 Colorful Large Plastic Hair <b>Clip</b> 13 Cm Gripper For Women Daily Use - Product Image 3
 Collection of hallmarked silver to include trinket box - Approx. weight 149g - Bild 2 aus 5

------------

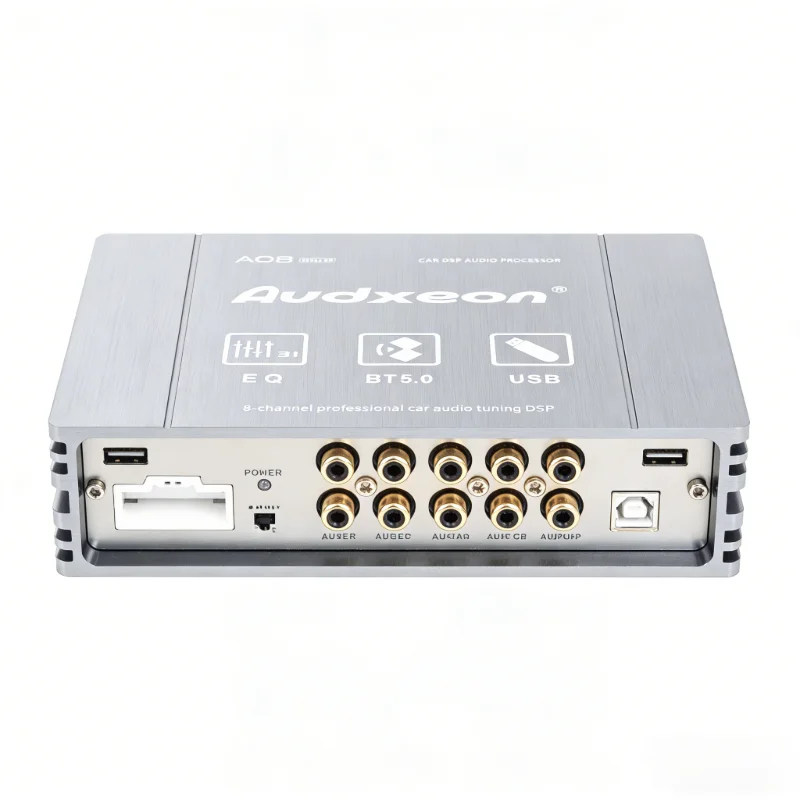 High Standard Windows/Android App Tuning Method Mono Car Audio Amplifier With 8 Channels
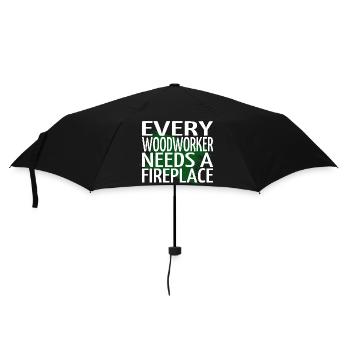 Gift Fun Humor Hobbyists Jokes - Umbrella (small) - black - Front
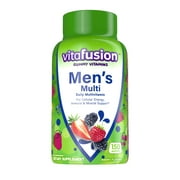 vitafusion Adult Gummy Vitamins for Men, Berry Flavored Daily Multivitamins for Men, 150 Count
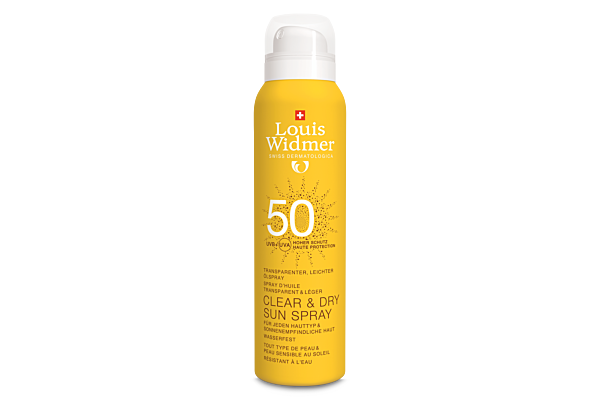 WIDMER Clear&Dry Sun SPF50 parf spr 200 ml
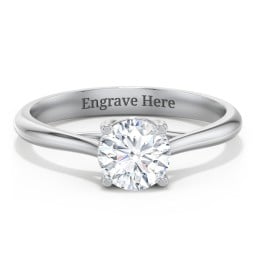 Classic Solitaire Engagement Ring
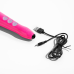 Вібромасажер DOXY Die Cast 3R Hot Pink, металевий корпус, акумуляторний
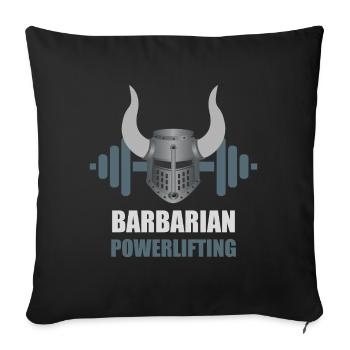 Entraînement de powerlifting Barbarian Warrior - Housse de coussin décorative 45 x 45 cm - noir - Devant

------------

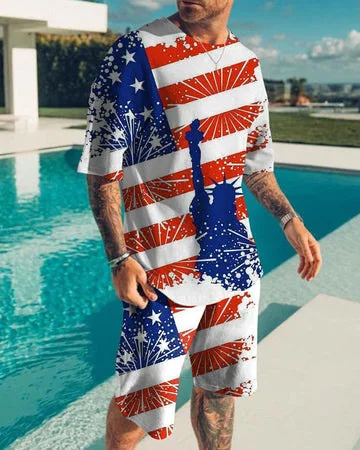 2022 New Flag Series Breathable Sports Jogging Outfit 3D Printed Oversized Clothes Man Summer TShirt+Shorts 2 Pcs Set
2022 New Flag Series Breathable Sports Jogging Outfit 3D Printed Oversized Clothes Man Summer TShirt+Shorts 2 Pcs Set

------------

What the task asks
With the line holding "Colorful Large Plastic" as the first and the line holding "Collection of hallmarked" as the last, set down that range of the entries above exactly, and nothing else.

Exercise solution
 Colorful Large Plastic Hair <b>Clip</b> 13 Cm Gripper For Women Daily Use - Product Image 3
 Collection of hallmarked silver to include trinket box - Approx. weight 149g - Bild 2 aus 5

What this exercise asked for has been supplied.